Part 43 : Desa Sendangmulyo

66 13 0
                                    

Malam itu mas Guntur meminta Nyi Dasimah untuk menemaniku, aku sebenarnya sangat-sangat tidak setuju dengan keputusan mas Guntur tapi aku tau bagaimana sifat suamiku.
“Mas, kamu yakin mau ke sendang sendirian?”
“Mas gak mau membahayakan orang lain, mas berjanji padamu tidak aka nada hal buruk yang terjadi, mas butuh doa terbaik dari mu”
Aku hanya bisa mengangguk pasrah, aku tau niat mas Guntur baik demi menyelamatkan warga desa.

“Maaf ya nyi sekali lagi merepotkan”
“Jangan khawatir istrimu akan baik-baik saja kamu juga harus berhati-hati. Oh ya bawa ini”
“Apa ini nyi?”
“Ini tusuk konden pemberian mendiang suamiku, aku yakin roh nya masih ada di tempat itu, tolong berikan tusuk konde itu padanya”
“Baik nyi”

Mas Guntur menapaki jalan setapak menuju sendang yang mulai ditumbuhi semak belukar. Dengan hati-hati mas Guntur berjalan semakin masuk ke dalam hutan di mana sendang itu berada. Mas Guntur merasakan sepasang mata merah menyala mengawasi setiap langkah mas Guntur dari balik pohon.

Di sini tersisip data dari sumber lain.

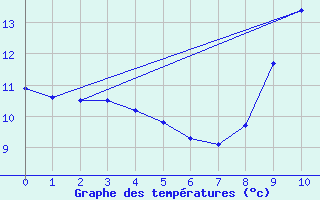 Courbe de tempratures pour Entraygues-sur-Truyre (12)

Semakin dalam mas Guntur merasakan tak ada lagi angin yang berhembus, sunyi sepi bahkan suara hewan-hewan malam pun tak terdengar suaranya. Seolah sesuatu yang mengerikan membuat penghuni hutan enggan untuk bersuara.

Dibawah sinar rembulan yang mulai tertutup awan hitam mas Guntur merasakan ada suara langkah kaki.
“Srekkk—srekkk—srekkk”
Dengan sigap mas Guntur bersembunyi di balik pohon. Namun dengan jarak mas Guntur saat ini , ia tak dapat melihat siapa orang itu terlebih orang itu mengenakan penutup kepala. Hanya bau amis bercampur busuk yang tercium.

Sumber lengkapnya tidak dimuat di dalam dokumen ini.